### Brief
From the records below, please return each line that holds the word "pink".

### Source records
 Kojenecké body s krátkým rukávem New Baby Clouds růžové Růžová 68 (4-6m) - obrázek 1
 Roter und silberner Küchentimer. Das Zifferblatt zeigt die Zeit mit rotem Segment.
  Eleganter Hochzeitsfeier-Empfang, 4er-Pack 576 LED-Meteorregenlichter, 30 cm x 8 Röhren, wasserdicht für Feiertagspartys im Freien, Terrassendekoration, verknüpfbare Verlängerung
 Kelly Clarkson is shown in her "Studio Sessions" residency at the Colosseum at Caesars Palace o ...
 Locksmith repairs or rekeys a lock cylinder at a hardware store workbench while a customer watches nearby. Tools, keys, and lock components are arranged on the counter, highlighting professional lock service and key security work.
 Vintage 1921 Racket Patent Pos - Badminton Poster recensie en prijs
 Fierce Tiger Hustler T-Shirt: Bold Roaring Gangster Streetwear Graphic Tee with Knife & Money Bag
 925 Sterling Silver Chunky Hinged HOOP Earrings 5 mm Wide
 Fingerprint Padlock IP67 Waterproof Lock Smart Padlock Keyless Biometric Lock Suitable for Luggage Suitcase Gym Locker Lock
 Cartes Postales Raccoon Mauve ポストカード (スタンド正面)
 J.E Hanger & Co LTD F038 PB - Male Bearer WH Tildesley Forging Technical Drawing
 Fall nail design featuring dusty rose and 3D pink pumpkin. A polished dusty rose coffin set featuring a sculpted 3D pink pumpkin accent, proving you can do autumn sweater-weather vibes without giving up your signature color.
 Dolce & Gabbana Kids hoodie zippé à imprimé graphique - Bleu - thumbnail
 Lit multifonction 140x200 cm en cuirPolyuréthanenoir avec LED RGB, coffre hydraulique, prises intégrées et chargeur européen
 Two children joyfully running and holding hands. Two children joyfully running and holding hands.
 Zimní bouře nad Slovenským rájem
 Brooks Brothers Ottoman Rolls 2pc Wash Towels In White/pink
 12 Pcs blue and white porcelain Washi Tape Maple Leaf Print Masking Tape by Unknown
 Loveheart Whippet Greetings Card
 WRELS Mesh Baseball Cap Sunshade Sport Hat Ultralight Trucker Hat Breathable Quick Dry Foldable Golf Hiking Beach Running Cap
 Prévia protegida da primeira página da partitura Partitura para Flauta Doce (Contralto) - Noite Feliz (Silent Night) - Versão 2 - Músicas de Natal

### Solved exercise
 Fall nail design featuring dusty rose and 3D pink pumpkin. A polished dusty rose coffin set featuring a sculpted 3D pink pumpkin accent, proving you can do autumn sweater-weather vibes without giving up your signature color.
 Brooks Brothers Ottoman Rolls 2pc Wash Towels In White/pink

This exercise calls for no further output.